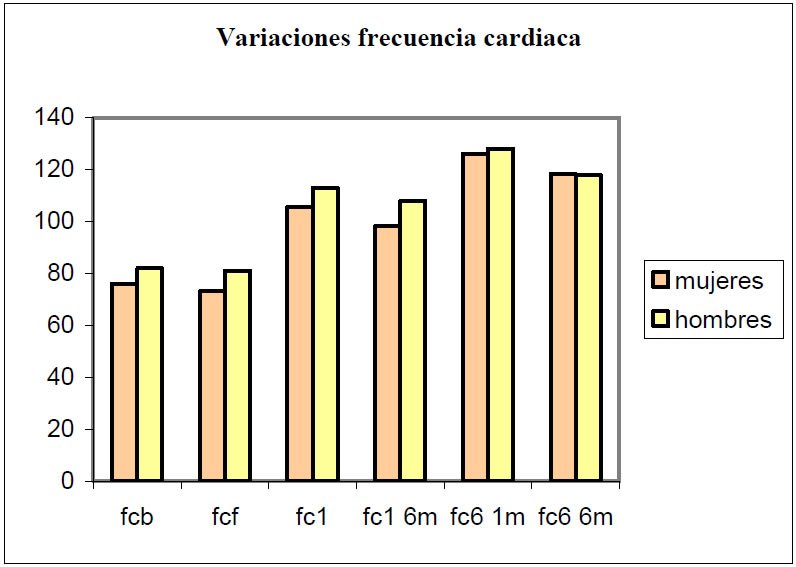 Gráfico 2. Variaciones de la frecuencia cardiaca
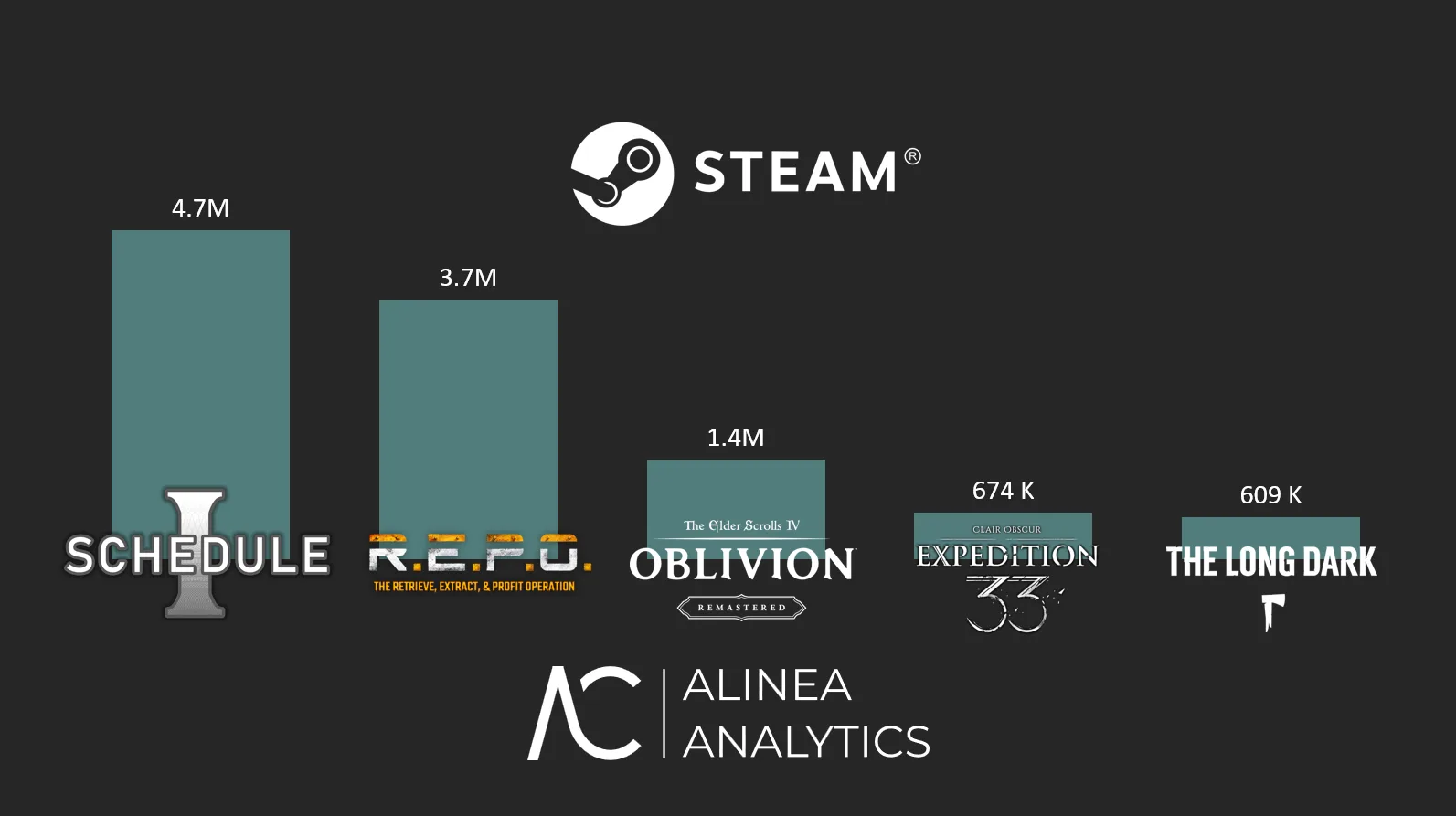 April 2025’s top Steam games by copies sold – Indies, RPGs, and survival games dominated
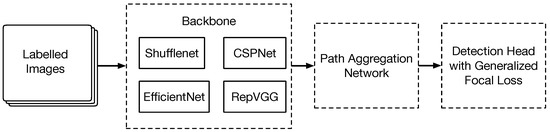 Real-Time Early Indoor Fire Detection and Localization on Embedded ...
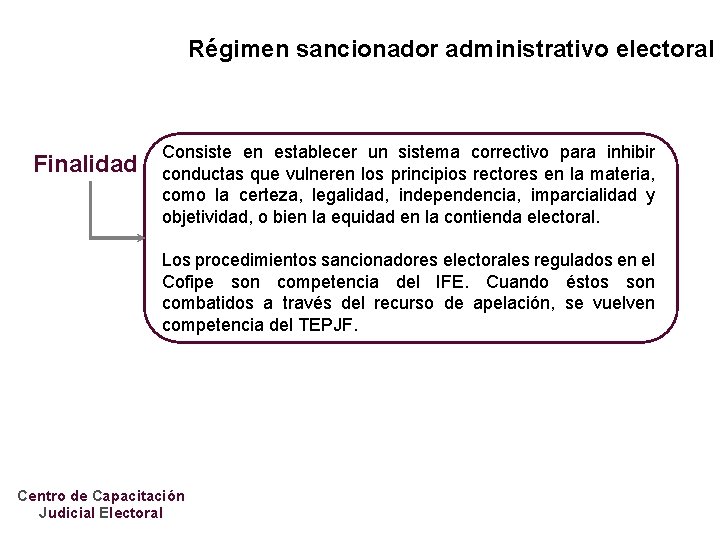 Régimen sancionador administrativo electoral Finalidad Consiste en establecer un sistema correctivo para inhibir conductas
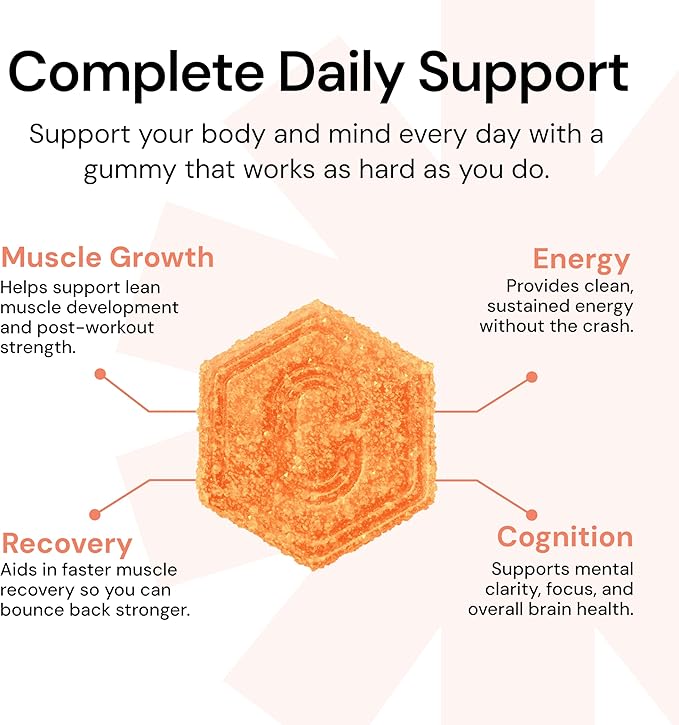Create Creatine Monohydrate Gummies for Men &amp Women Boost Focus Strength and Endurance Anti-Melting Formula Vegan Gluten-Free Non-GMO 1.5g of Creatine per Gummy (Sour Peach)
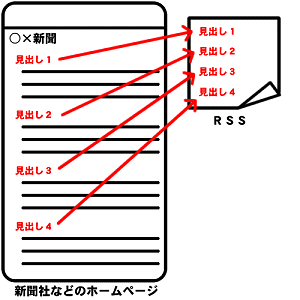 図表1 RSS生成の仕組み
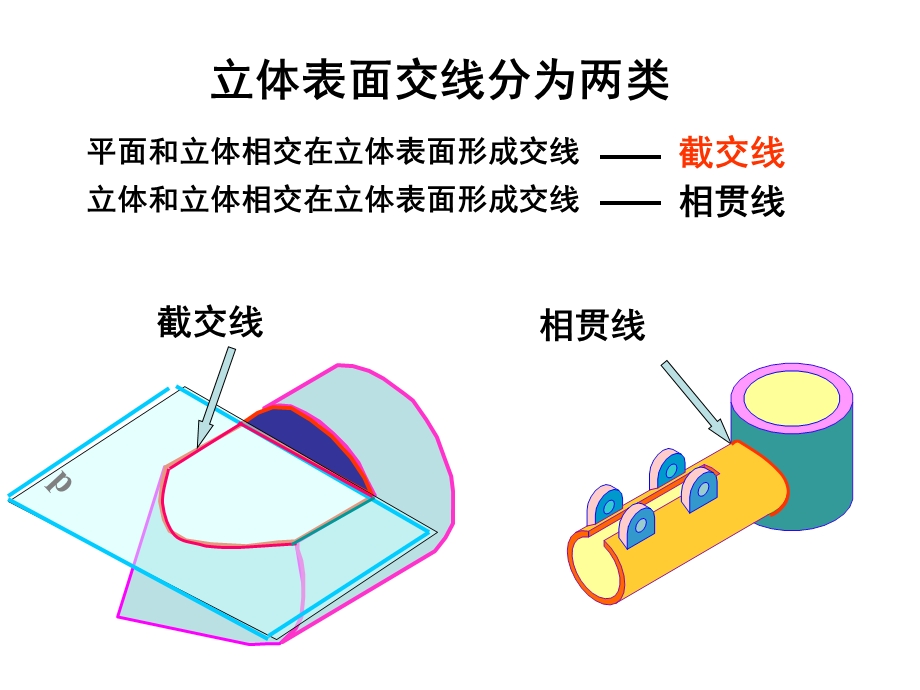 工程制图截交线教学PPT.ppt_第3页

--- Assignment ---
Your output should be the lines from the line containing "Régimen sancionador administrativo" through the last line of the listing above, restated exactly, with no pictures among them.

--- Response ---
 Régimen sancionador administrativo electoral Finalidad Consiste en establecer un sistema correctivo para inhibir conductas
Create Creatine Monohydrate Gummies for Men &amp Women Boost Focus Strength and Endurance Anti-Melting Formula Vegan Gluten-Free Non-GMO 1.5g of Creatine per Gummy (Sour Peach)
 図表1 RSS生成の仕組み
 工程制图截交线教学PPT.ppt_第3页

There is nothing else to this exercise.